→ Task details
Go to the line with "Antieke kast van" in the entries below and write out every line from there through the line with "105 Glenfield Ct, Huntsville, AL 35811", exactly and without pictures.

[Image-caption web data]
▶

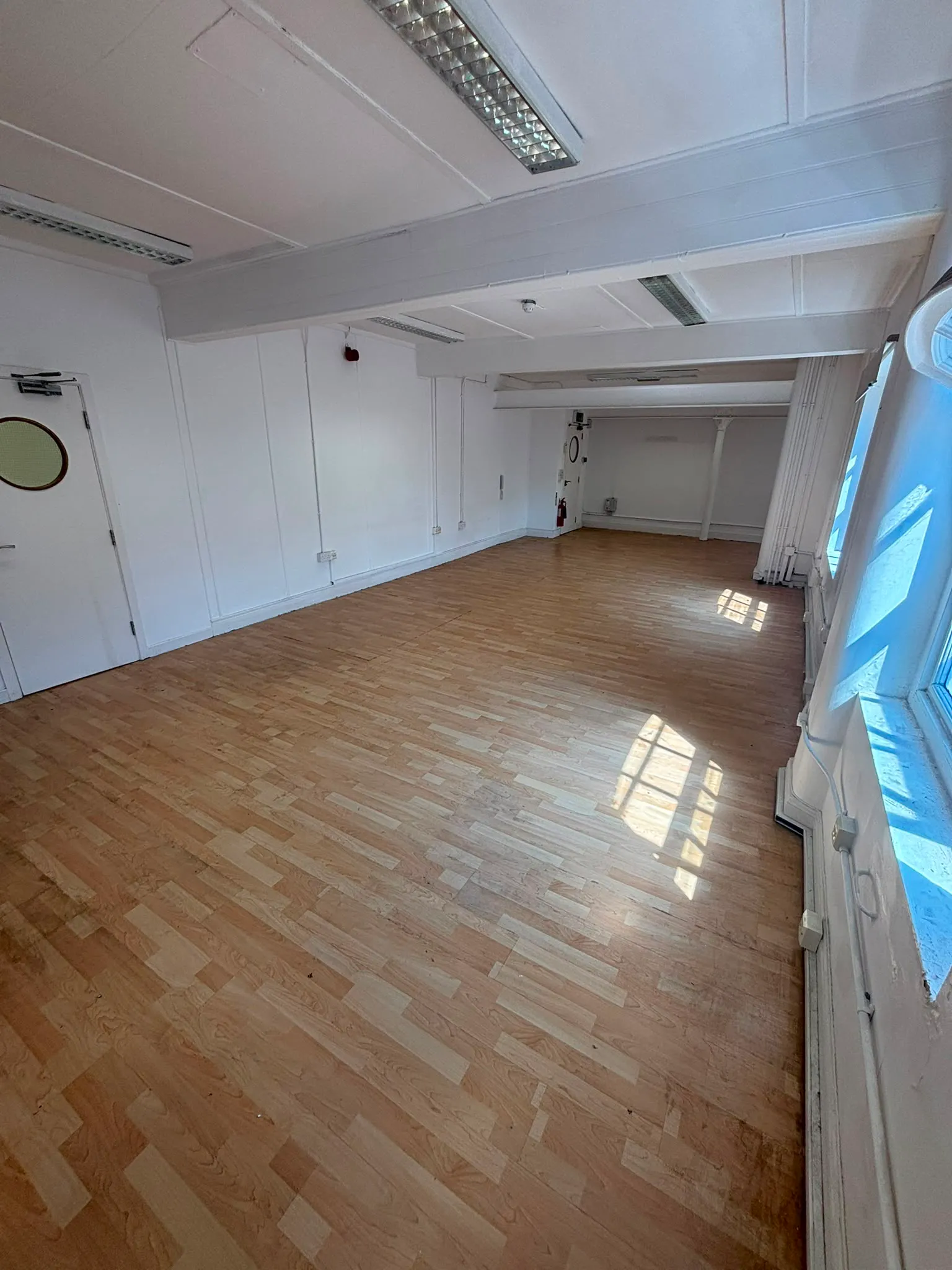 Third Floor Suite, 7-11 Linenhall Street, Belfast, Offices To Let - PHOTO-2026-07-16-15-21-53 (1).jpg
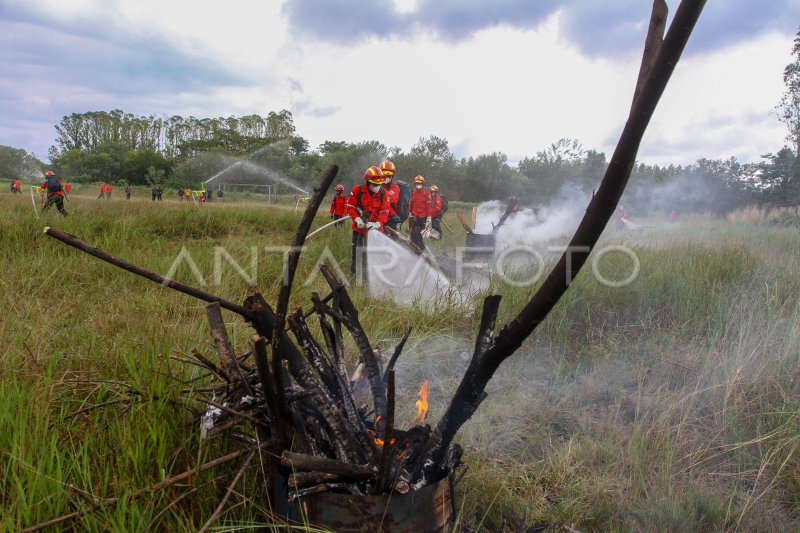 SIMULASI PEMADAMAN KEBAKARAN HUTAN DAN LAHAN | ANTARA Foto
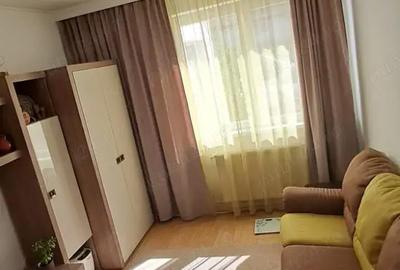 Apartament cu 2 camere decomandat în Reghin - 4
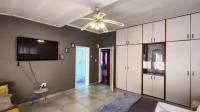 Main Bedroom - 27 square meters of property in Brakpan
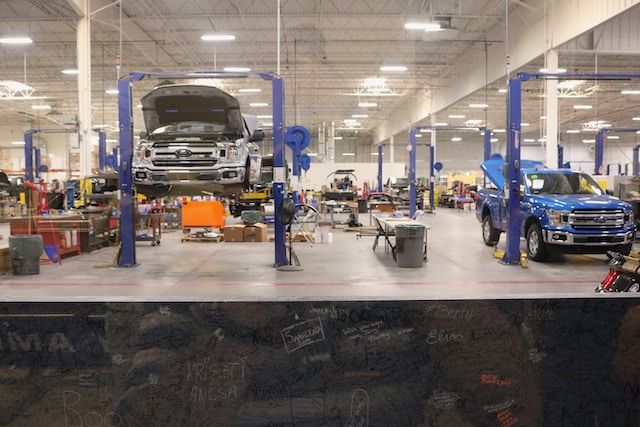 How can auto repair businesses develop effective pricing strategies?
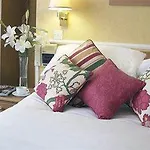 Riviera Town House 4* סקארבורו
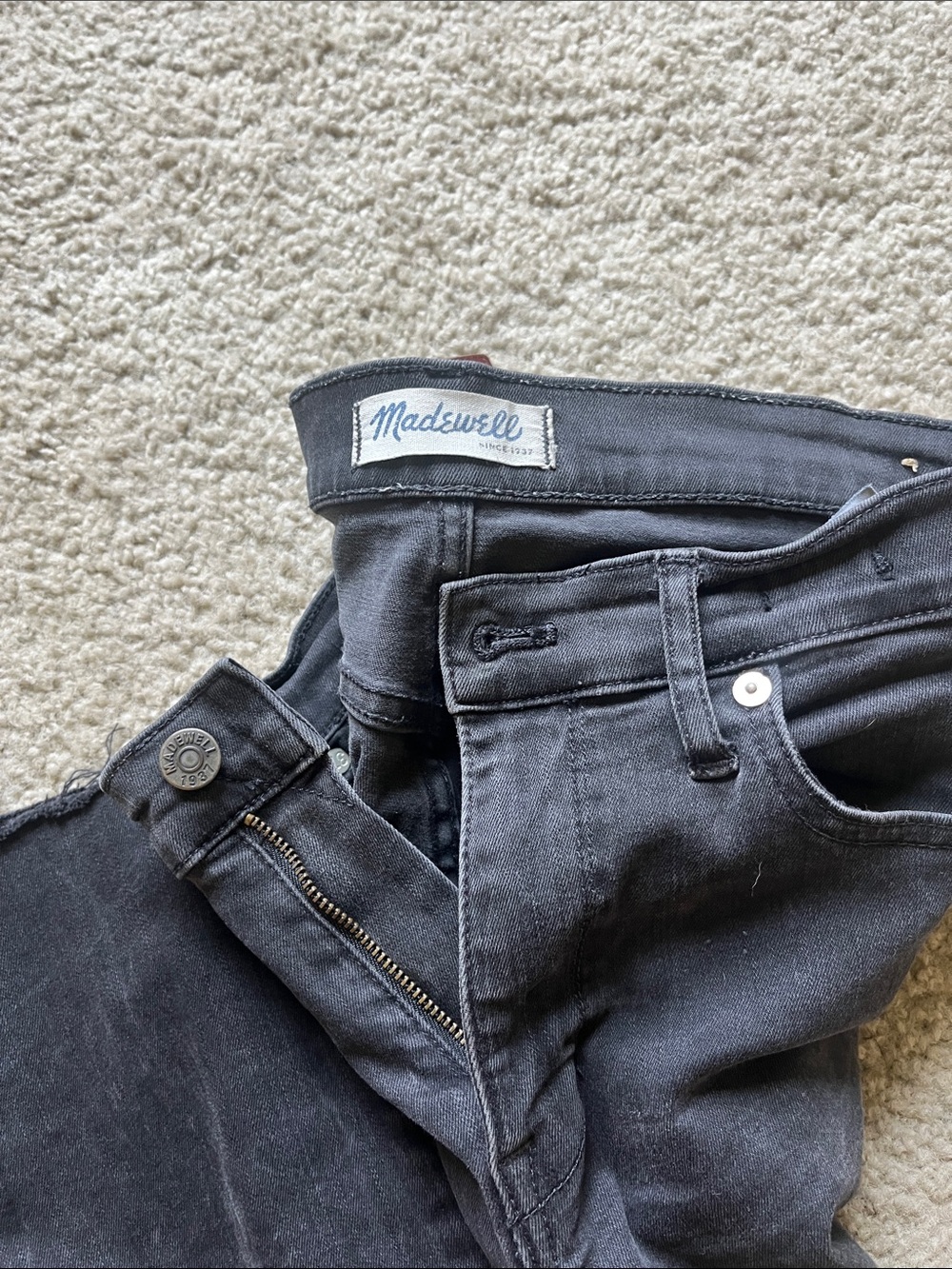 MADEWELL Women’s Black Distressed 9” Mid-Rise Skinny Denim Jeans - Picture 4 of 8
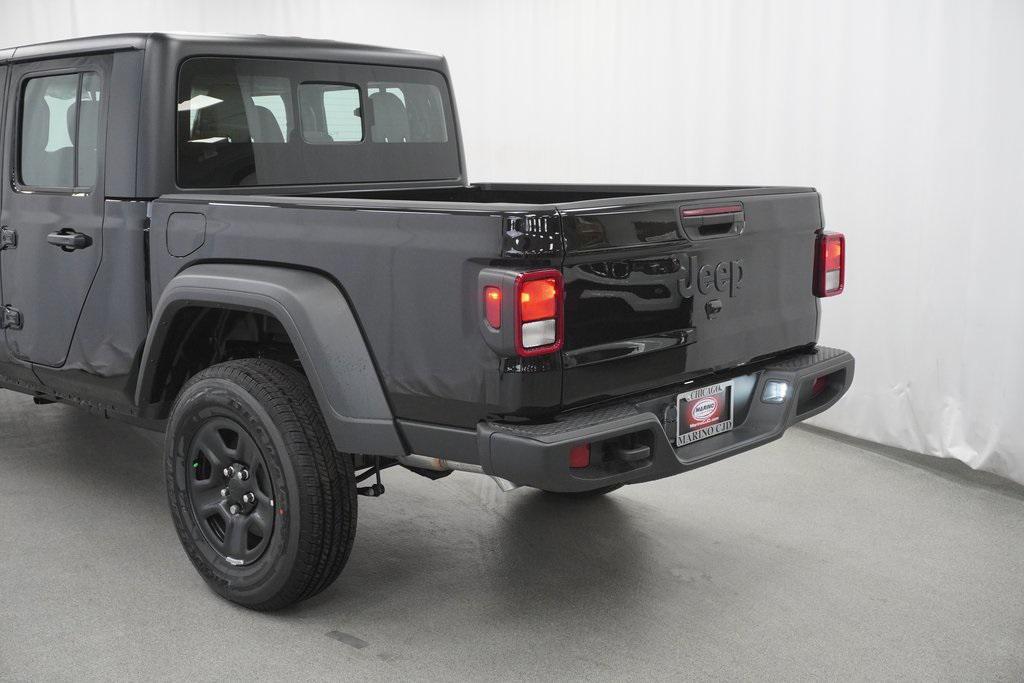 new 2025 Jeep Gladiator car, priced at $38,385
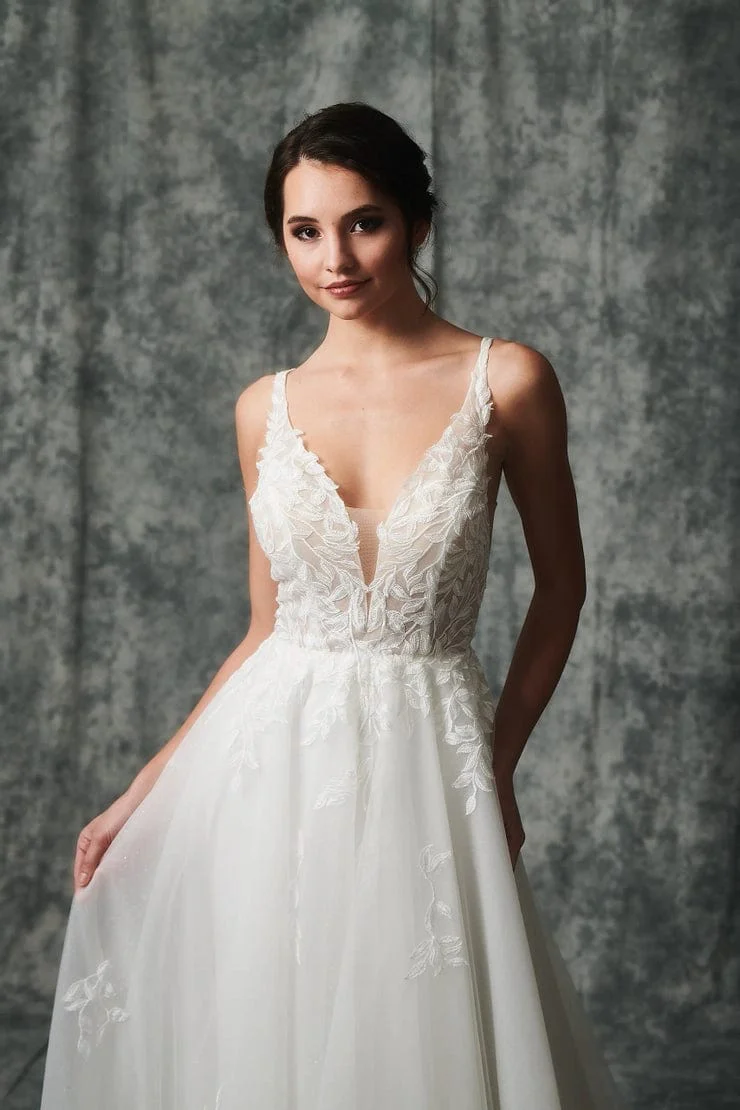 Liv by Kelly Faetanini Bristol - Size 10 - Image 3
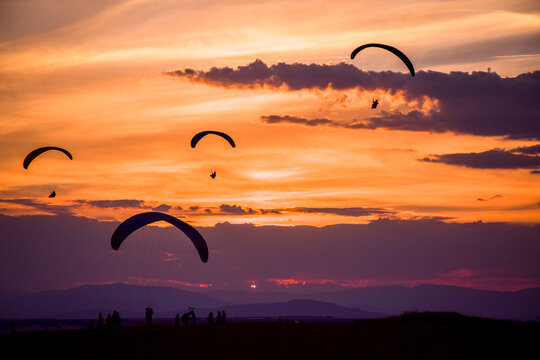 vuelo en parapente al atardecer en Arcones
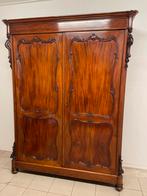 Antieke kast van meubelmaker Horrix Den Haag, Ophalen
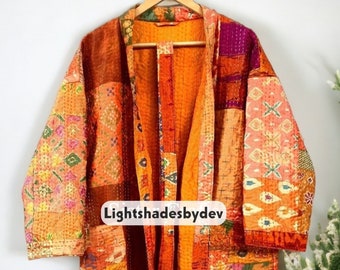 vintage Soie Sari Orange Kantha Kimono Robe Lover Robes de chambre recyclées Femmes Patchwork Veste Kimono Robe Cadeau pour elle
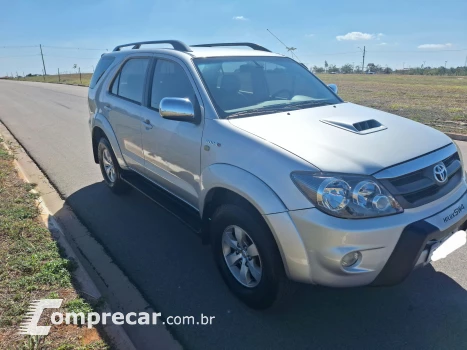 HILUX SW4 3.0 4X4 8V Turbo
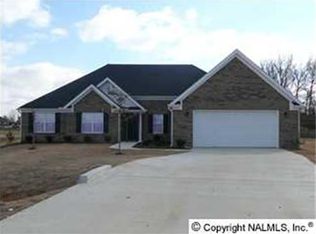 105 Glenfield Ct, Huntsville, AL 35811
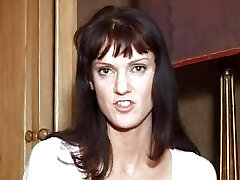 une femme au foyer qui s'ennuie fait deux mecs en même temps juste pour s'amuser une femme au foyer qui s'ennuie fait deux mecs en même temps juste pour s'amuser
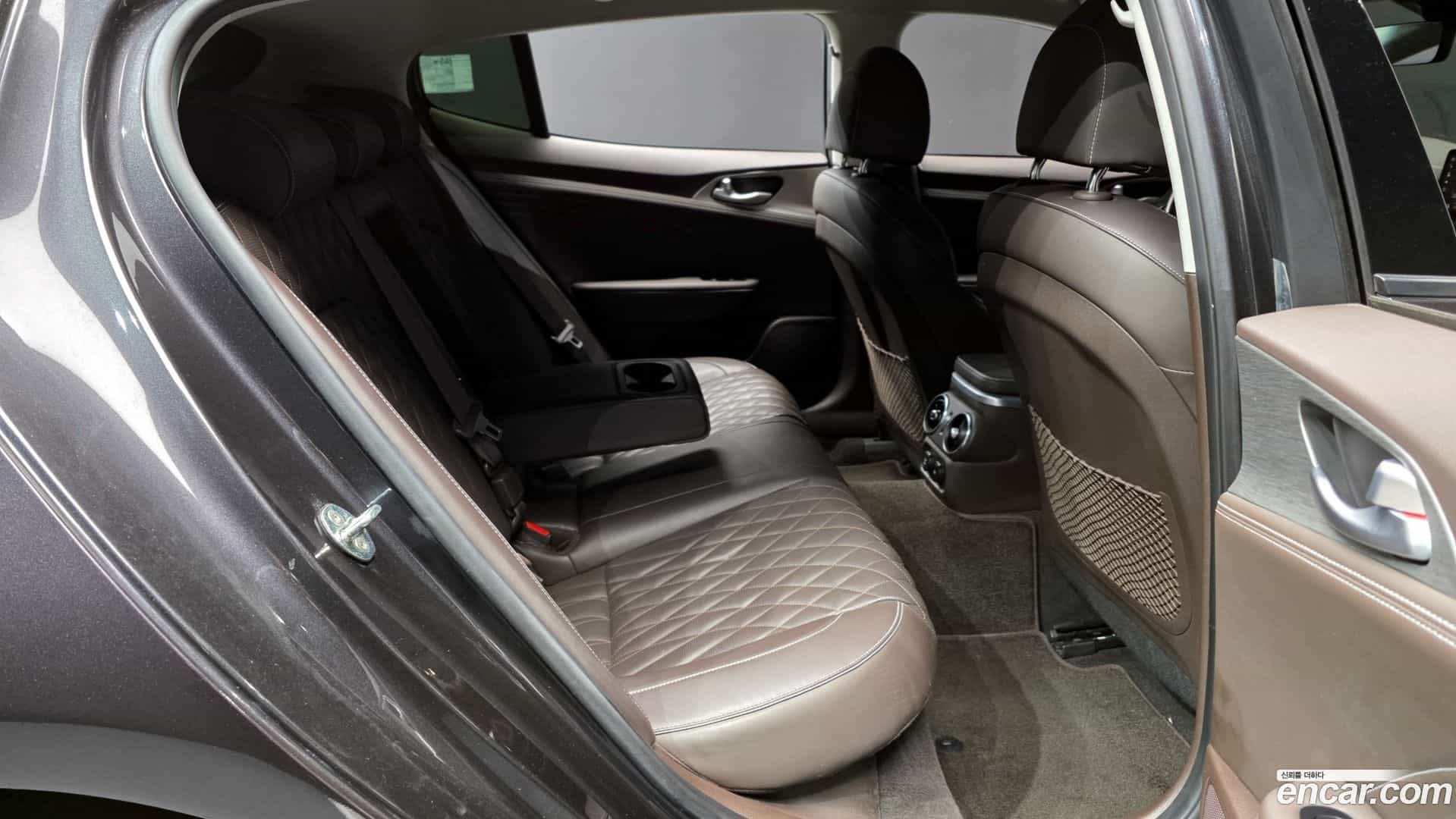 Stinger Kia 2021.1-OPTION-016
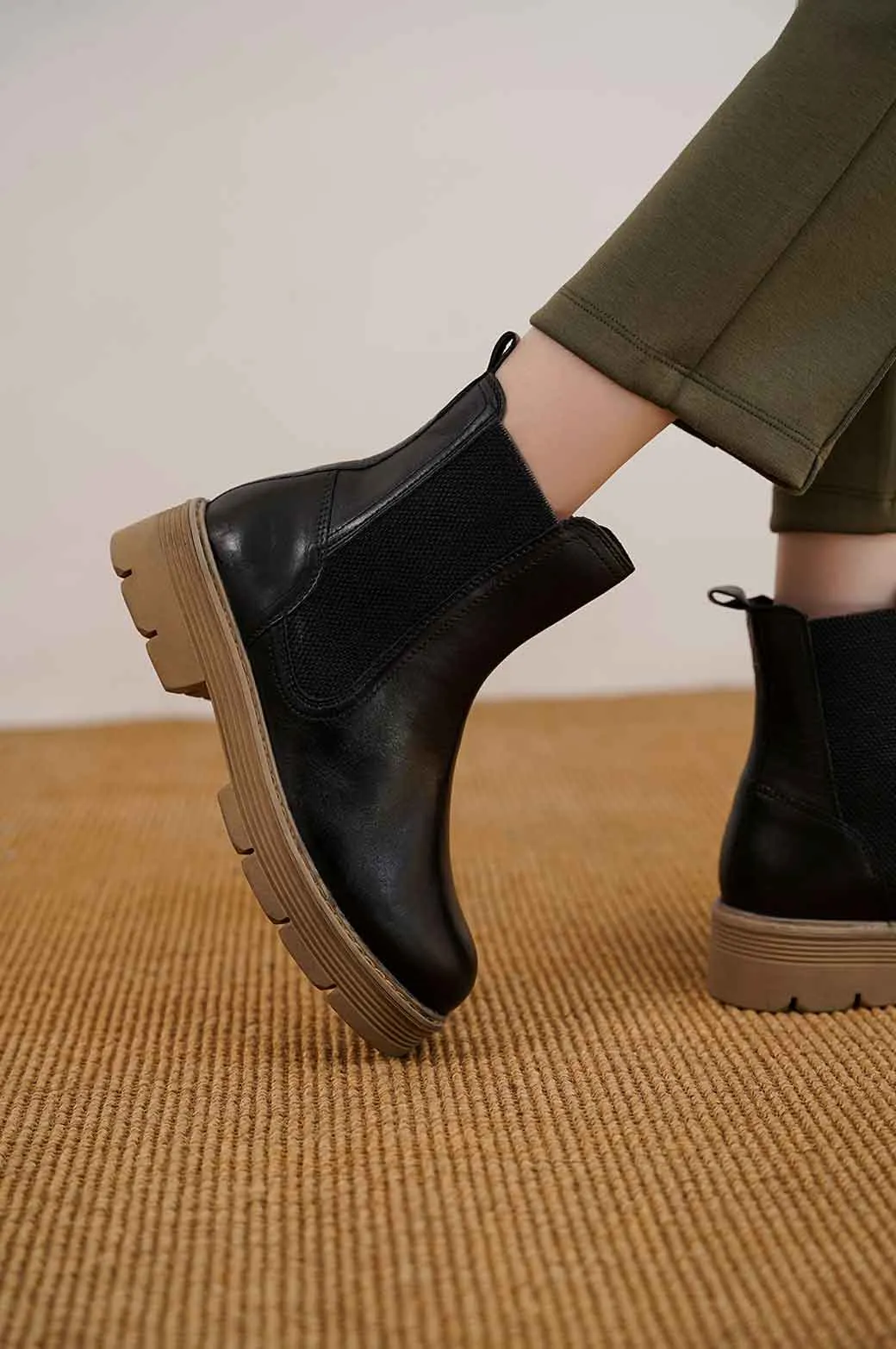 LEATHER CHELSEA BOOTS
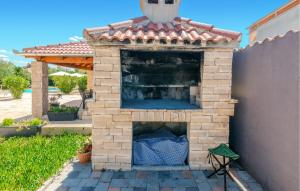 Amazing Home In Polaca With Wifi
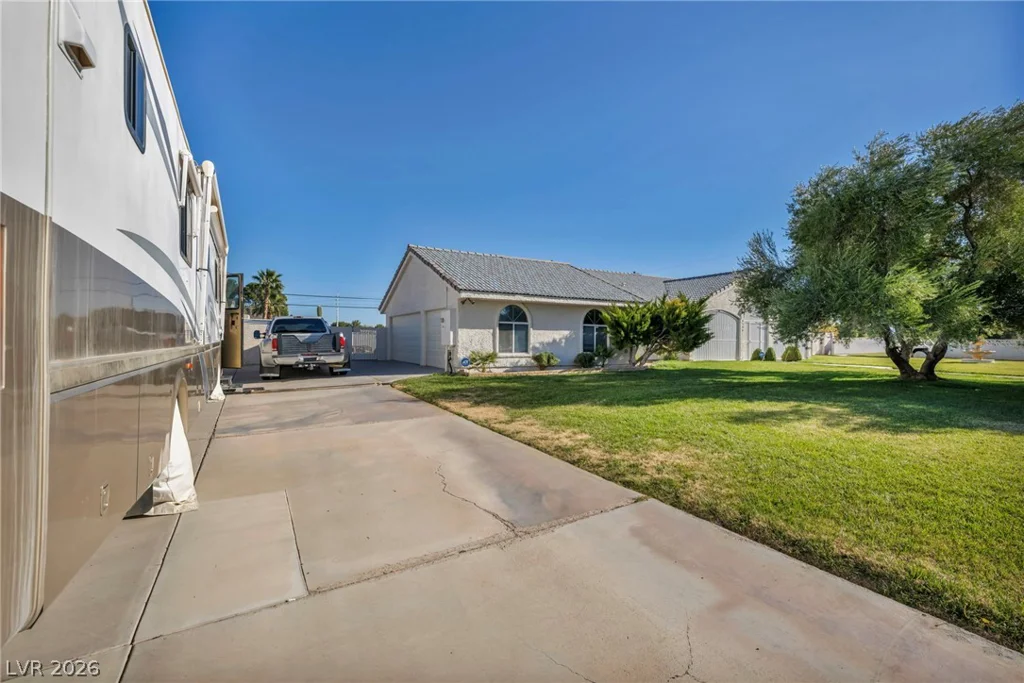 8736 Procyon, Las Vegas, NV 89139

◀

→ Solution for this problem
 Antieke kast van meubelmaker Horrix Den Haag, Ophalen
 vintage Soie Sari Orange Kantha Kimono Robe Lover Robes de chambre recyclées Femmes Patchwork Veste Kimono Robe Cadeau pour elle
 HILUX SW4 3.0 4X4 8V Turbo
 105 Glenfield Ct, Huntsville, AL 35811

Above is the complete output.